Sunday, November 08, 2009

The finger

Anger. Big surge of anger. Ten minutes into the walk I wanted to go back and write. Walked on, took some nice pictures of the canal and footpath in the fog. Very appropriate. Fumed. Tried to dissect and clear things up in my mind, but writing it down is a much better way. The radio was a big help, as usual lately. After reading some Jed this morning: “I’m on my way to infinity.” Go figure.
When I was becoming really angry, I stopped listening to classical music and turned the little radio to a mainstream music station. “Talking in your sleep.” After that song I changed stations again: “You got the power to turn on the light. (…) There’s a force I’m glad to follow.” I got so worked up I used my phone to write stuff down and saved it as a text message. Two actually.
I don’t know whether it’s a good thing to write it down here, when I went through most of it, isn’t that a waste of energy? No, because things didn’t get cleared up during the walk. Not enough anyway.
So I’ll try to get myself going by using the notes I made. Let’s see.

It was a hoax, a big fat hoax, I was right all along. People have been lying to me all my life, everybody is lying, everybody is trying to win me and as many others as they can for their own version of ‘truth’, because the more people agree with you, the more you must be right, right? NO!! Fucking hell NO. That one moment, when I was watching the news as a kid, and my uncle, or one of my cousins, told me that the news wasn’t necessarily true, it shattered my world just that little bit. Up till then I had thought whatever was said on the news was at least true, it was presented in such a way, serious but without drama and with quiet authority (not the screaming I was used to) I thought thát at least must be true. And then a family member outside of the rotten little circle told me otherwise. I don’t know why I didn’t doubt him, whoever it was, but I looked at the news with different eyes from then on. When I got older, I also started to read the news in newspapers in a different way. Different newspapers, different views, different takes on what was originally the same story. What a hoax. I started to understand. I started to use my logic. It dawned on me that a person could not form an opinion about most things going on in the world, without knowing or experiencing every side to the story for themselves. “History is written by the winners.” I also learned, but subconsciously, that people don’t want to view a subject from every possible angle, they just want to adopt a certain viewpoint, preferably the one which most people adopted as their own.

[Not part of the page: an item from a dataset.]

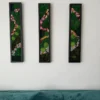 Three vertical black-framed moss wall panels with colorful flower paths hanging above a teal velvet couch.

People don’t want to do the work, people do not want to do the math, they just want to be fed the answers, so they have a shiny new opinion, and when it’s revealed to be untrue they blame the source of the information, not their own stupidity and laziness to find a fucking answer for themselves. Jolene was right; people are cows. They don’t taste the same though. With all that crap inside us, we must taste like crap. But I can’t be sure cos I never had a bite. Anyway. All those people whose approval I tried to get over the years, non-stop, they don’t know any better. Why would I care so much about getting their approval? Nobody can be trusted. I wasn’t wrong after all. The only person who’s authority I can trust is me.
From my notes during the walk: “You can do something, progress within the dreamstate is possible, and necessary, of the essence; developing to the point where you realize you’re asleep is of the essence. You can’t pass Go and collect 200 dollars without it. Progress within the dreamstate is possible and essential to prepare yourself for waking up. Better to know you’re asleep, than not know, or not know and believe yourself to be awake. Fucking angry at Jeff Foster for saying stop trying." How many people would love to hear that?! I hate it, it rubbed me the wrong way and only now do I understand why I didn’t get past his first book, where he says our process is in the way of reality, our struggle for truth is what is keeping truth out, everything is perfect the way it is, how can it not be? You can't make a deliberate effort to attain enlightenment. So stop trying? I do get what he means, I do, but it’s dangerous! People just love hearing that, don’t they?! Oh I’m so spiritually advanced, I’ve given up trying, I’ve given up my quest for truth altogether because I saw it for what it was. Oh real-ly? That must be the most lazy ass spiritual practice ever. And it looks real pretty too. Nicely done. Jeff must not be totally Awake. As far as I can see (granted, not far), he has probably turned into a human adult with some Oneness experience thrown in for good measure, but I think I’ll stick with Jed for now. That’s the only ‘person’ I know of who’s real, really, really real. Truth-realized. So I guess he’s my role-model. For now. I will have to kill him off of course. Eventually I will kill Jed, but he’s a sport, he won’t mind. Yes, dumbasses, even if his name isn’t Jed McKenna, he’s still the realest real ‘person’ I have ever heard of. Everything he writes feels true. He might be a ten year old girl for all I care, that doesn’t make the content of his books less true.
This process is good, it’s mine, but the reasons for it are diverse. A true desire is there, an authentic desire, but there was/is also the longing for some people to finally approve of me when I’ve ‘become enlightened’. There was that dream, wasn’t there? Yes. I would show them, I would become enlightened and finally get their respect and approval. What I didn’t take into account, was that once the process would be well underway I would stop caring about that longtime fantasy of approval. If or when I’ll ever get it, I won’t give a crap anymore, isn’t that ironic. I have to say, it has been somewhat of a revelation to suddenly realize my whole family is and was wrong. But it doesn’t end there. Schoolbooks are wrong. Newspapers are wrong. Political parties are wrong. Everybody we look up to is wrong. It’s unbelievable, except that it’s not. Mind-blowing.
More notes from my walk, as a disk jockey announces a song from a band called “Badfinger”. “Cut the fucking finger pointing at the fucking moon, just look at the moon for Chrissakes!! Don’t put fucking rings on the finger!”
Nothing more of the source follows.